Amis désœuvrés, Zakaria Boualem vous salue. Vous qui avez échoué dans le quartier populaire de cet estimable magazine, soyez les bienvenus, plaisir des yeux mes frères. Cette semaine a été marquée par le surnaturel. Un Boeing qui disparaît, voyez-vous, ce n’est pas courant. Bizarrement, nos amis les barbus illuminés des chaînes spécialisées n’ont proposé aucune espèce d’interprétation à ce phénomène. Eux qui sont capables de lancer un sujet sur un poulet qui invoque Dieu au moment de subir l’égorgement (véridique, 4 millions de vues sur YouTube s’il vous plaît) n’ont rien à nous proposer pour nous expliquer comment un avion disparaît. Seul un journal anglais à vocation satirique s’est dévoué pour annoncer qu’il avait été retrouvé sur la Lune. C’est faible. Voilà ce qui arrive quand la réalité bat l’imagination, quand la puissance du chaos réel affirme sa supériorité arrogante sur tout le reste. Zakaria Boualem est effaré. Il a cherché des explications partout. Il n’a rien trouvé.
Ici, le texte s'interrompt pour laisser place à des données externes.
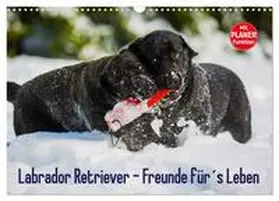 CALVENDO / Starick | Labrador Retriever - Freunde für´s Leben (Wandkalender 2025 DIN A3 quer), CALVENDO Monatskalender | Sonstiges | 978-3-435-54487-5 | www.sack.de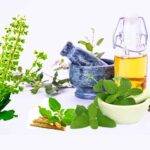 Benefits and harms of Tulsi leaves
Les journaux sérieux expliquent sérieusement qu’ils n’ont rien compris. Les réseaux sociaux ricanent. Ils sont divisés en deux sectes : les politiques et les footballistiques. Commençons par les premiers, ils sont victimes d’un schisme. Il y a ceux qui s’indignent et ceux qui contrôlent les indignations des premiers nommés. Ils veulent savoir pourquoi ils ne se sont pas indignés plus tôt ou sur un autre sujet. Par exemple : « Ahhh, ils sont beaux les chantres de l’intervention en < placez ici un pays : Crimée/Syrie/Bosnie> qui se taisaient sur le <placez ici un pays différent : Kosovo/Libye/Palestine> ». On ignore s’ils tiennent des fiches sur les indignations de chacun pour en vérifier la cohérence. Les footballistiques sont tout aussi épuisants, ils se divisent eux aussi en deux sectes : les Réaliens et les Barxistes. Convaincus qu’ils sont victimes d’une machination ourdie par des forces obscures, ils observent les matchs des adversaires en détectant les preuves du complot. Exemple : « Ahhh on siffle péno sur <placez ici un joueur : Messi/Ronaldo/Benzema> alors qu’il faut à <Sanchez/Neymar/Pepe> se faire agresser à coups de marteau pour avoir droit à un coup de sifflet ». Dans l’histoire du football, jamais personne n’a réussi à convaincre l’autre, mais ça n’empêche pas les deux sectes de s’affronter avec verve en occupant une part phénoménale de téraoctets de texte. Mais rien sur le Boeing disparu.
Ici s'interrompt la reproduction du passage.